[Information supplied — start]

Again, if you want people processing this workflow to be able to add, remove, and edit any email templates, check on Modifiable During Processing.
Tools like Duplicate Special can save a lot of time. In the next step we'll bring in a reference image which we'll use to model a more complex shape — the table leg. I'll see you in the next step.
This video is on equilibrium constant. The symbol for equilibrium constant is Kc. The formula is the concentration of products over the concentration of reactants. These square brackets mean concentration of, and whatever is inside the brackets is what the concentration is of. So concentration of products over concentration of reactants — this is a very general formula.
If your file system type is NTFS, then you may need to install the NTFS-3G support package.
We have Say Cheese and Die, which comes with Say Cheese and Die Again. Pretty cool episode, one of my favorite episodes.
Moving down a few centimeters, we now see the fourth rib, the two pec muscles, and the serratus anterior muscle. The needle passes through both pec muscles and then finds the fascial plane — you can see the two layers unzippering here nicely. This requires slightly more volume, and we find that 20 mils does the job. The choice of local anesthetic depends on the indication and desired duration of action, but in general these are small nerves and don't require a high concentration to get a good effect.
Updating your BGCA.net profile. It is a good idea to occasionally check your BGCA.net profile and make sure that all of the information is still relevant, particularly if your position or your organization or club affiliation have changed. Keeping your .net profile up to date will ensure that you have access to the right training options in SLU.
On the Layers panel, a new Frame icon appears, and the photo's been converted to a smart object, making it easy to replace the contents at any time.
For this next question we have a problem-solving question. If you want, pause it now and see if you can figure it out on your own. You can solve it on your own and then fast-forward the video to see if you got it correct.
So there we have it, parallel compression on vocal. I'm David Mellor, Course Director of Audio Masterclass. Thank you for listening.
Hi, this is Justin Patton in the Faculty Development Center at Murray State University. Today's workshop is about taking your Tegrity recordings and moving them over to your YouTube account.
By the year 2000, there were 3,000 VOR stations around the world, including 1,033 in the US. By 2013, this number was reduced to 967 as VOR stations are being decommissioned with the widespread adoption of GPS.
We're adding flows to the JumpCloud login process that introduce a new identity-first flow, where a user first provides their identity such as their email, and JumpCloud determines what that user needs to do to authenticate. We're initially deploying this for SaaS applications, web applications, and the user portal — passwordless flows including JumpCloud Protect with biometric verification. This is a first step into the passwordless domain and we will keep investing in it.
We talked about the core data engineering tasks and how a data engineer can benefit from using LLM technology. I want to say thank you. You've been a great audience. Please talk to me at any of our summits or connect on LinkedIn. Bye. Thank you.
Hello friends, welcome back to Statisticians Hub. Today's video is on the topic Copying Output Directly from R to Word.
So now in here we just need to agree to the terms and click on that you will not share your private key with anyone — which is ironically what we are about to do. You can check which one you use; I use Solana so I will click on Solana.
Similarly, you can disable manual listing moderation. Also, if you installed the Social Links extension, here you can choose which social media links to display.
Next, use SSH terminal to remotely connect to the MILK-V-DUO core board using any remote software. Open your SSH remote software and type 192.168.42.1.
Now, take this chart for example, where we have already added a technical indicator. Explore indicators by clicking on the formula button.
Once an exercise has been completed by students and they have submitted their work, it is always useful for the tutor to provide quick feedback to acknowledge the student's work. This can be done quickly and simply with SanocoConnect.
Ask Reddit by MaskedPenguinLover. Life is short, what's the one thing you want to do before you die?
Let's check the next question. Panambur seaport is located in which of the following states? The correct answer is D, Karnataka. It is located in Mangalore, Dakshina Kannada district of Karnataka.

[Information supplied — finish]

Directions
Using the data above, reproduce exactly the lines between those holding "So now in here" and "Similarly, you can", inclusive, and no others.

Written solution
So now in here we just need to agree to the terms and click on that you will not share your private key with anyone — which is ironically what we are about to do. You can check which one you use; I use Solana so I will click on Solana.
Similarly, you can disable manual listing moderation. Also, if you installed the Social Links extension, here you can choose which social media links to display.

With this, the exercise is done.